🤖 AI Summary
This paper addresses the challenge of identifying socially disruptive policies—interventions that substantially alter interpersonal social network connections and induce structural fractures. Existing methods struggle to capture such latent effects. To bridge this gap, we develop the first nonparametric identification framework for social disruption, proposing a compact bound estimation method based on eigenvalues of the adjacency matrix and introducing a testable monotonicity condition to achieve point identification. Our approach integrates network analysis, matrix spectral theory, and causal inference, ensuring both theoretical rigor and empirical feasibility.
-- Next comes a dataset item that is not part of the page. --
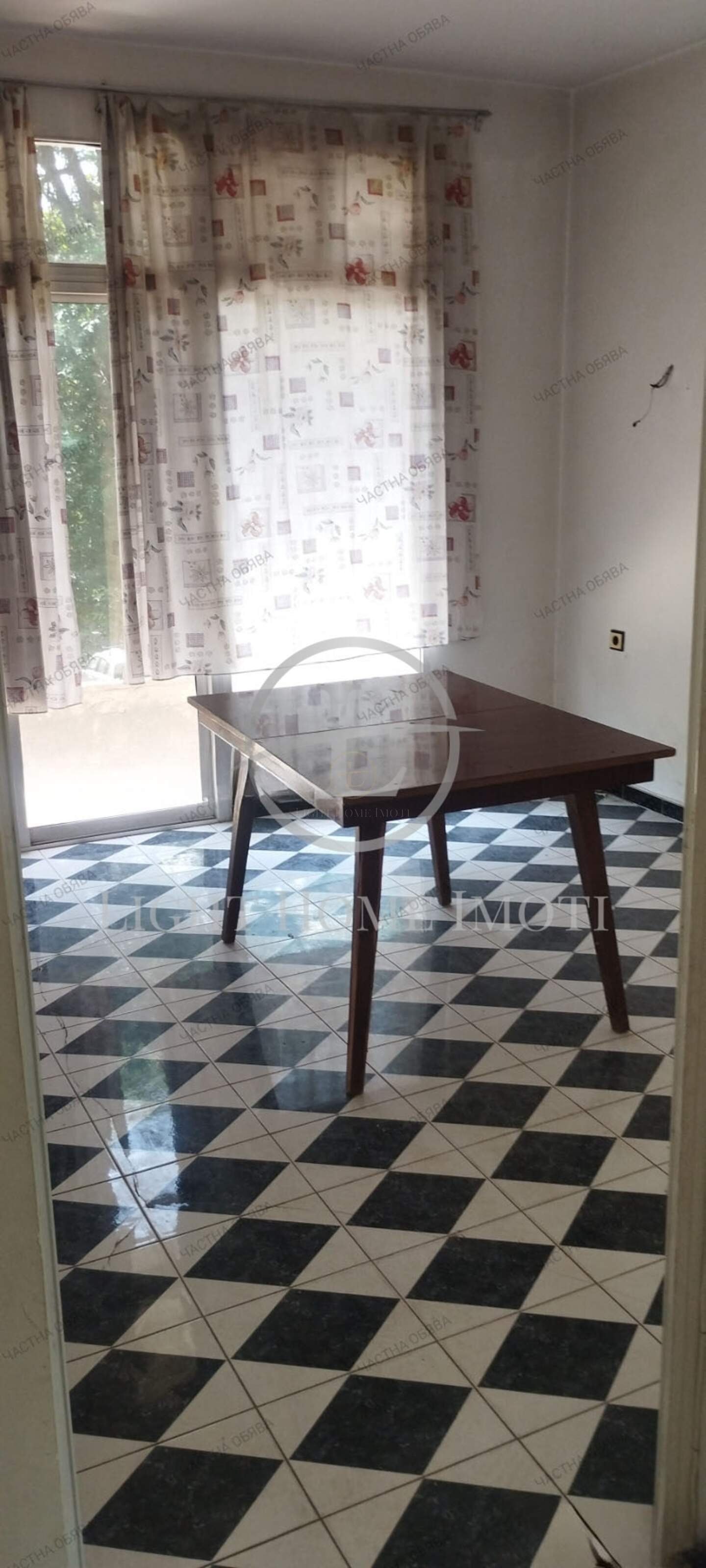 Floor of a house in Kiuchuk Parizh, Plovdiv – photo 2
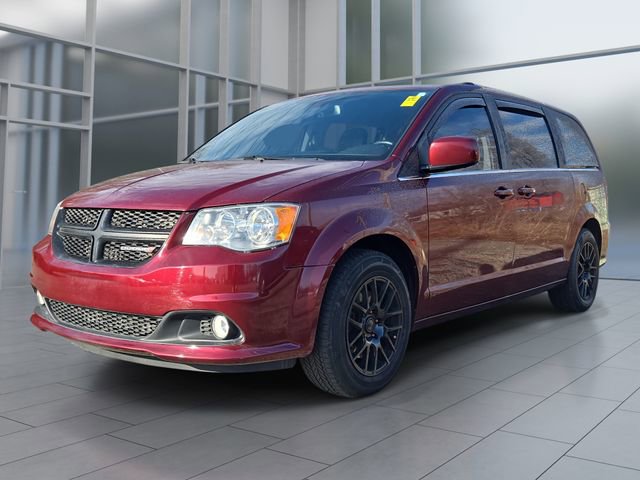 Used 2019 Dodge Grand Caravan SXT w/ Rear Park Assist Package image 1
Two empirical applications uncover strong social disruption effects that are severely underestimated by conventional causal evaluation methods, thereby demonstrating the framework’s superior sensitivity, identification power, and real-world applicability.
📝 Abstract
Social disruption occurs when a policy creates or destroys many network connections between agents. It is a costly side effect of many interventions and so a growing empirical literature recommends measuring and accounting for social disruption when evaluating the welfare impact of a policy. However, there is currently little work characterizing what can actually be learned about social disruption from data in practice. In this paper, we consider the problem of identifying social disruption in a research design that is popular in the literature. We provide two sets of identification results. First, we show that social disruption is not generally point identified, but informative bounds can be constructed using the eigenvalues of the network adjacency matrices observed by the researcher. Second, we show that point identification follows from a theoretically motivated monotonicity condition, and we derive a closed form representation. We apply our methods in two empirical illustrations and find large policy effects that otherwise might be missed by alternatives in the literature.